Fortunately, they had help. They had the organization that had resettled them in the United States. And they have also received support from their church, their neighbors, the school system, the county, the state, about half a dozen volunteers from the D.C. metro area and my mother, who has managed, over the past two years, to get most of her friends and family to help out as well. This network has worked ceaselessly to keep the family afloat, and today the kids are happy and healthy and learning to read. They wear Dora and Diego sneakers. They ask for help on the monkey bars. They know all the words to "Happy Birthday." They make paper chains at Christmas and roast turkey at Thanksgiving. They are a typical American family.

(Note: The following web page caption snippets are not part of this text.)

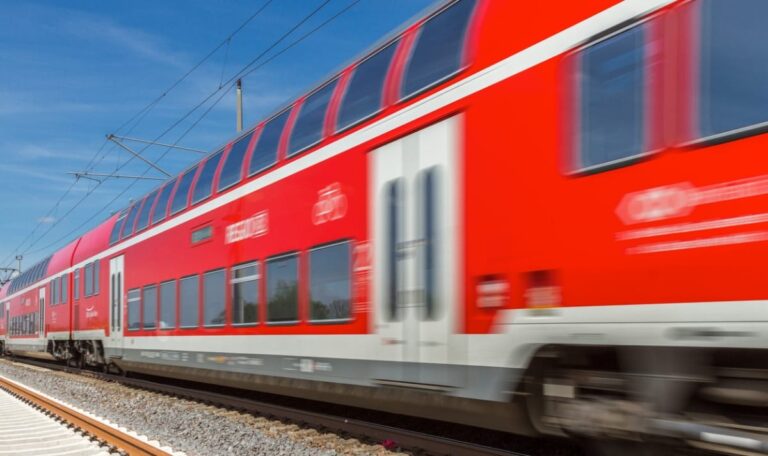 Tür fällt während Fahrt ab – ÖBB-Zug muss in Padua stoppen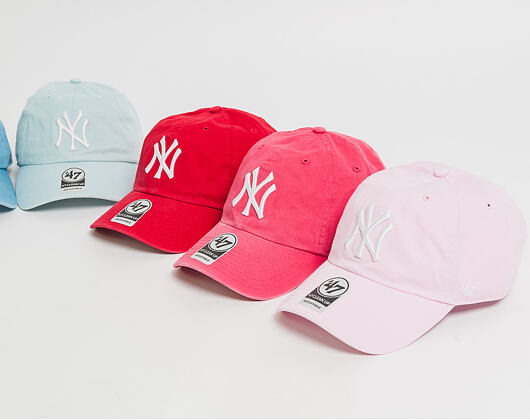 Kšiltovka 47 Brand New York Yankees Clean Up Berry Strapback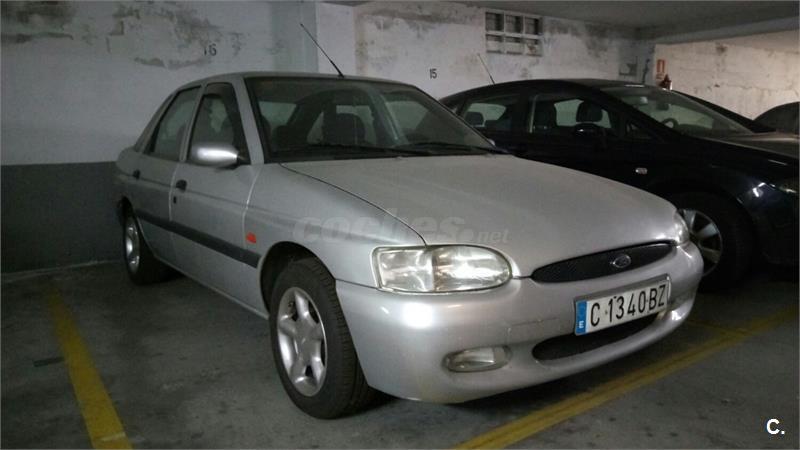 Ford escort 98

I mention their story because yesterday marked the thirtieth anniversary of the U.S. Refugee Act, under which tens of thousands of refugees enter the United States every year. Many of these refugees struggle, as this family has struggled, to find work, pay their bills and adjust to U.S. culture. Some of them thrive in their new environment. Some fail to adjust. Some have supportive networks. Others fall through the cracks. The fates of these families and individuals, and all immigrants to the United States, is important to all Americans. As U.S. residents, refugees, asylees and immigrants are citizen diplomats who provide unique and direct links between the United States and their native countries. For many people living in other countries, immigrants may be their only link to the United States. And people are certainly more likely to accept the opinions of their former colleagues, friends, neighbors and families than those of a foreign government. The America they see is the America they will represent to the people they've left behind. Therefore, there is a justification for supporting new Americans that extends beyond the basic humanitarian impulse to protect and support those citizens and residents who cannot protect and support themselves.
As Eric P. Schwartz noted in an address yesterday, "the protection of the most vulnerable must be at the center of policy-making – due to the moral imperative, and the simple goal of saving lives; due to our government’s interest in sustaining U.S. leadership and building sustainable partnerships, which enable us to drive the development of international humanitarian principles, programs, and policies like no other government in the world; and due to the importance of promoting reconciliation, security, and well-being in circumstances where despair and misery not only threaten stability, but also critical national security interests of the United States."